How, where, when and why clients choose financial products? This is a question managers, analysts and “conseillers d’affaires” ask themselves all the time, as this is what the revenue will ultimately depend on. Equally important is whether the client will leave, at which moment and why (as then incentives to make him stay can be found).
“Products”, as in Santander case, will be the predicted variables, and these can be anything from specific card types, to insurances, to accounts, to services for business. Here are examples of all products by a typical French bank.
It’s good to know that there are three major client categories for banks in France - particuliers, professionnels and entreprises. There are also others depending on bank policy and specification.
The data
Our train dataset is for year N while our test dataset is for the next year (N+1).
That means that when train is 2011, test is 2012, when train is 1998, test would be 1999, and so forth.
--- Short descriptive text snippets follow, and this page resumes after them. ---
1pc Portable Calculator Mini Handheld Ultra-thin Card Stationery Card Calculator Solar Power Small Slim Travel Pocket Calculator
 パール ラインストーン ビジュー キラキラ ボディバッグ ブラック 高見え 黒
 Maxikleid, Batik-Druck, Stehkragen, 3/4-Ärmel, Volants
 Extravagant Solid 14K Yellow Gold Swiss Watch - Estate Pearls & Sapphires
Also, as will be seen by the data, the period for train is longer than for test. For example, train - 8 months, test - 2 next months, and so forth. This is a disadvantage as train and test do not have the same length and also we are not anticipating cyclical changes (predicting June with June, like in Santander).
We take 7 products and 11 to 13 characteristics/factors that could possibly explain them.
Our goal, as in Santander challenge, is to predict whether these products will be bought or not, with maximum probability.
An important difference from Santander - in that challenge prediction was on existing customers, and here everyone in “test” dataset is new. That is to say, if the test dataset is for February and March 1999, they came into the bank in February and March 1999. In the train dataset, however, clients who are in it were with the bank before and did not come in the train period. What we are doing is basically trying to predict the behavior of new clients based on behavior of older ones.
One line is one client (not a situation where one client has several lines, thus more than one set of features). The total size of the train sample is about 30000 lines/clients, the total size of the test sample - about 8000 lines/clients. Products are anonymized, and so are features.
The data - 2
First, we can look at how the features are distributed:
for i in range(0,12):
fig = plt.figure(figsize=(10,10))
ax = fig.add_subplot(111)
plt.yscale('log')
dataset_test[cols[i]].hist(bins=100)
dataset_train[cols[i]].hist(bins=100, ax=ax, label='train', color='blue')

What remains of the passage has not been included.